Darüber hinaus wurden von der New York Times und von Nachrichtenagenturen (u.a. Reuters) über viele weitere Einsätze Berichtet. Diese hatten die Informationen jedoch hauptsächlich aus ukrainischen Quellen, weshalb ich sie hier weggelassen habe.

Die Nachweise sind natürlich immer nachlaufend, da die Dokumentation in umkämpften Gebieten schwierig ist.

Wie auch bei dem „Manifest für Frieden“ und den vielen ähnlichen Äußerungen, aktuell u.a. von Sahra Wagenknecht, ist es absurd, über Cluster Bombs zu sprechen, ohne die russische Seite zu erwähnen.
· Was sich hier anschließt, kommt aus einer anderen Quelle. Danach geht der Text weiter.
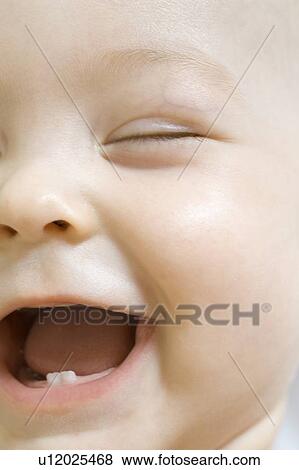 Stock Photo - Infant child laughing with milk teeth. Fotosearch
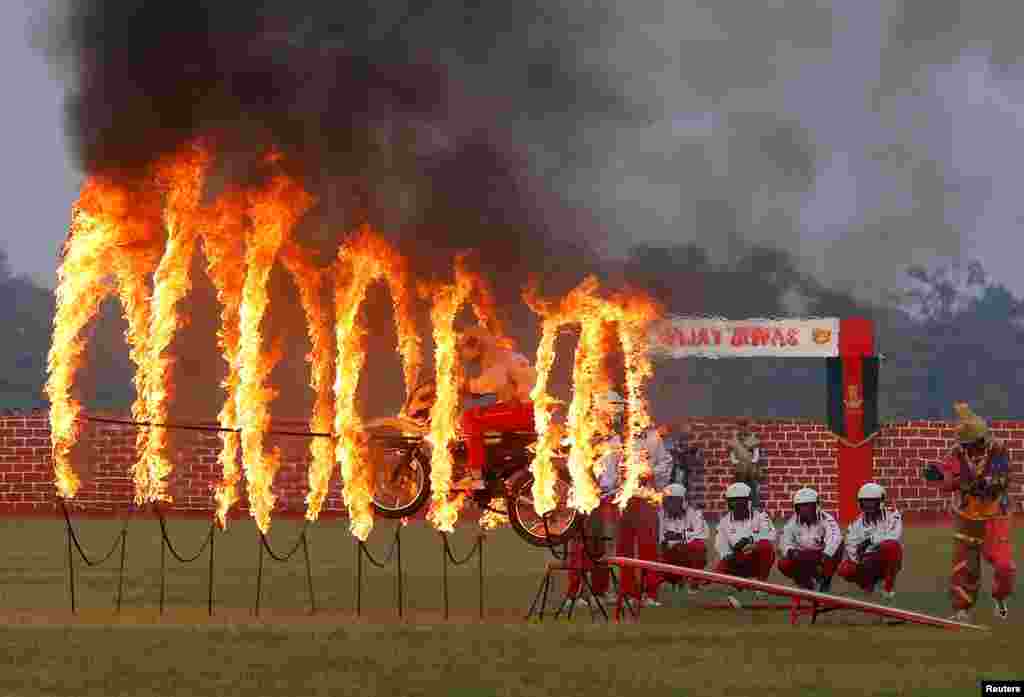 An Indian army soldier performs a stunt during celebrations ahead of the &#39;Vijay Diwas,&#39; a ceremony to celebrate the&nbsp;Dec. 16, 1971 liberation of Bangladesh by the Indian Armed Forces, in Kolkata, India.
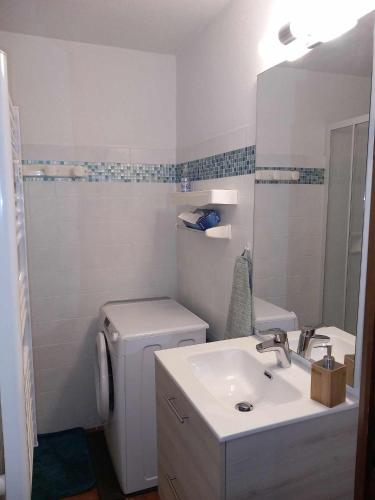 une salle de bain blanche avec un lavabo et des toilettes dans l'établissement Appartement chalet en plein centre des Saisies, à Hauteluce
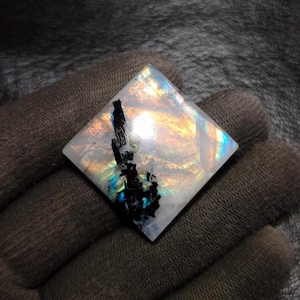 This listing features natural Moonstone cabochons with a beautiful soft glow and subtle flash. Each stone is hand-cut and polished.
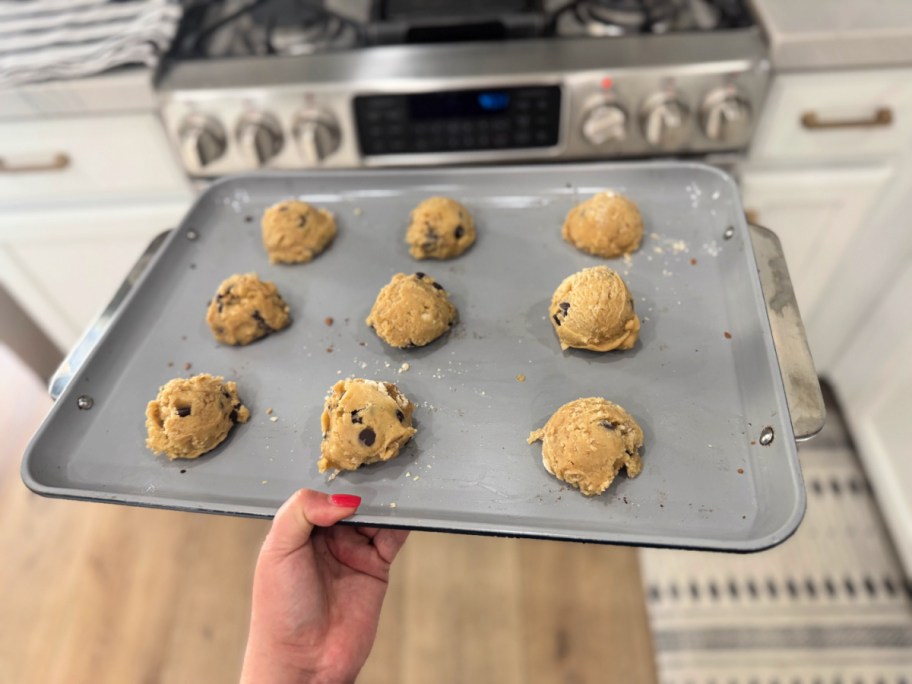 cookie dough balls on a sheet pan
Das ist kein Whataboutism. Der Unterschied ist entscheidend.
Die Ukraine will Cluster Bombs auf ihrem eigenen Territorium zur Abwehr gegen einen Aggressor einsetzen. Russland setzt Cluster Bombs gegen die Bevölkerung eines Landes ein, dass es überfallen hat und vereinnahmen will.